WORK REQUEST ::
From the records that follow, return exactly the lines beginning at the one that contains "Diamond Oversized Sunglasses" and ending at the one that contains "American Rag Cie", pictures left out.

AVAILABLE DATA ::
::::::
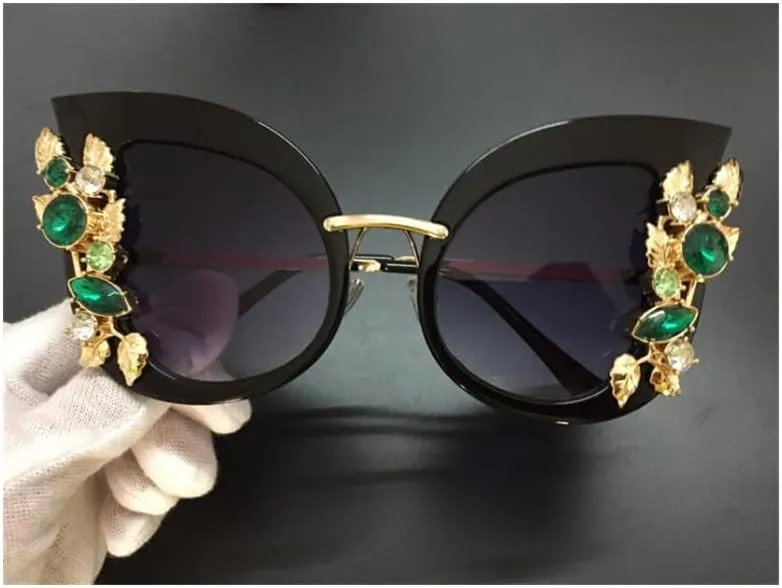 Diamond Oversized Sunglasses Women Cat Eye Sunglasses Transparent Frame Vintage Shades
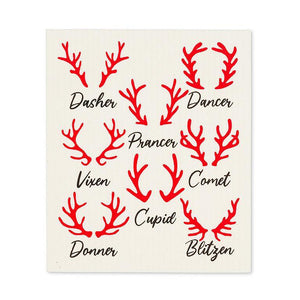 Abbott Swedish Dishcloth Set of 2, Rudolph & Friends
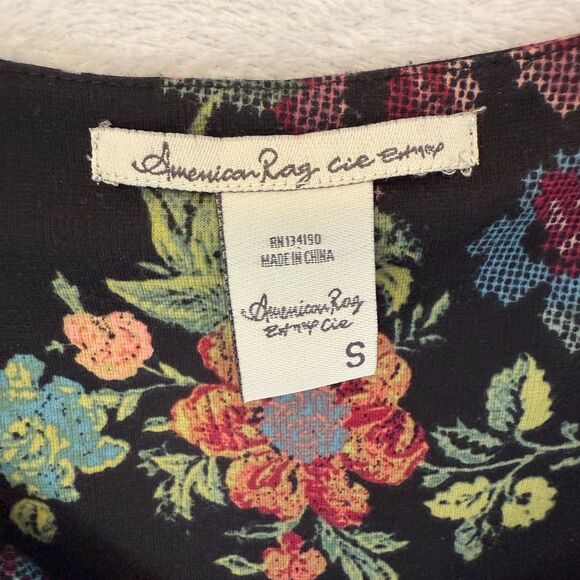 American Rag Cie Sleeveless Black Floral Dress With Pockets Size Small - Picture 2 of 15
::::::
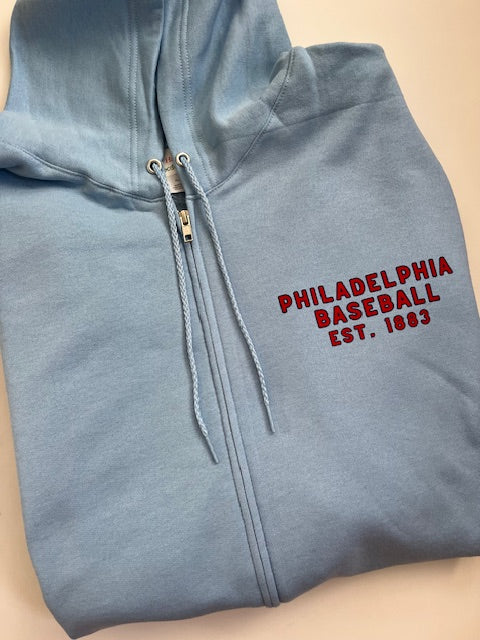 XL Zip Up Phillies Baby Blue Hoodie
::::::
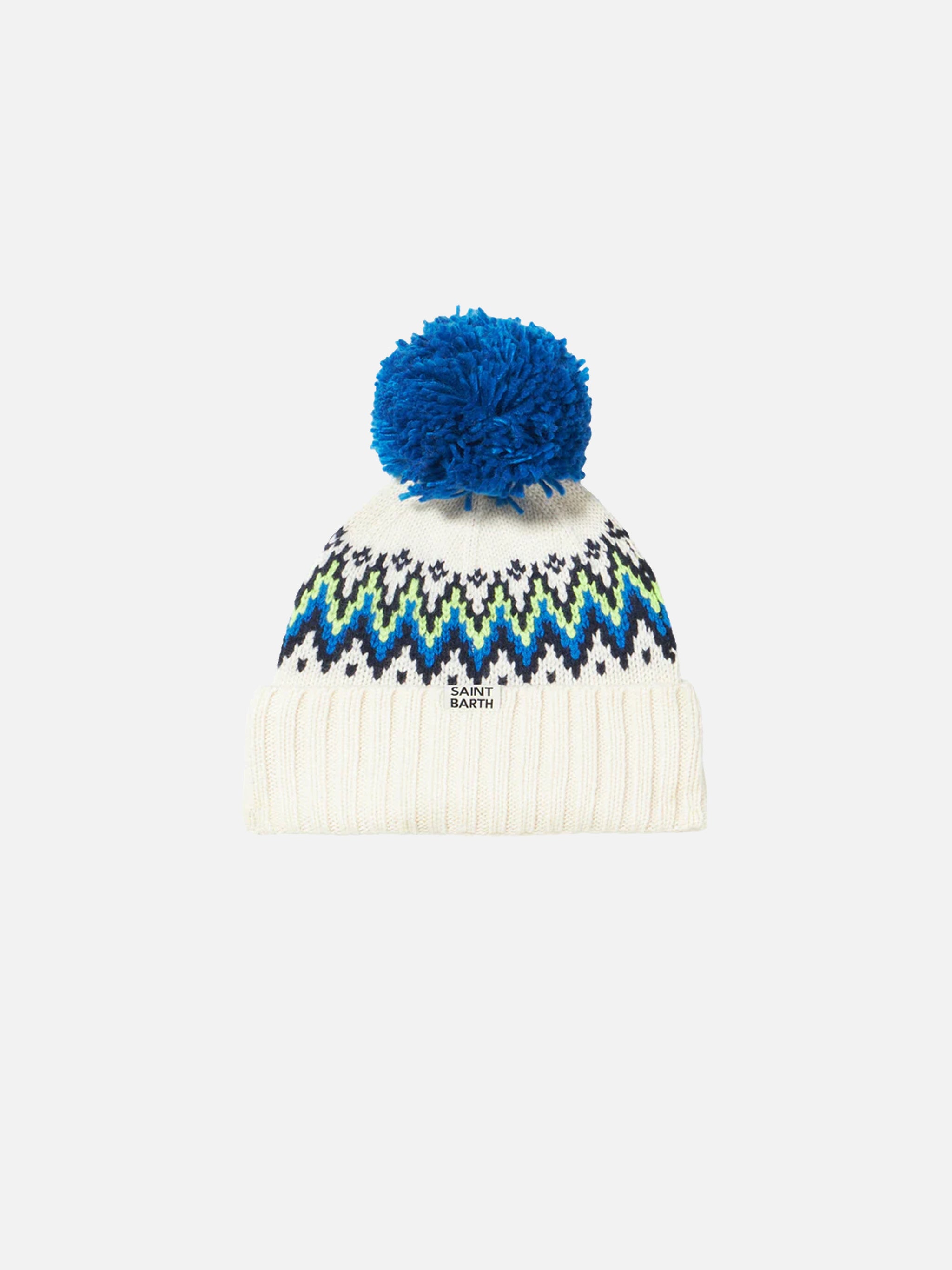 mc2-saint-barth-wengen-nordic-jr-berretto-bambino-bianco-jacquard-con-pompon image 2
::::::
TASK ANSWER ::
 Diamond Oversized Sunglasses Women Cat Eye Sunglasses Transparent Frame Vintage Shades
 Abbott Swedish Dishcloth Set of 2, Rudolph & Friends
 American Rag Cie Sleeveless Black Floral Dress With Pockets Size Small - Picture 2 of 15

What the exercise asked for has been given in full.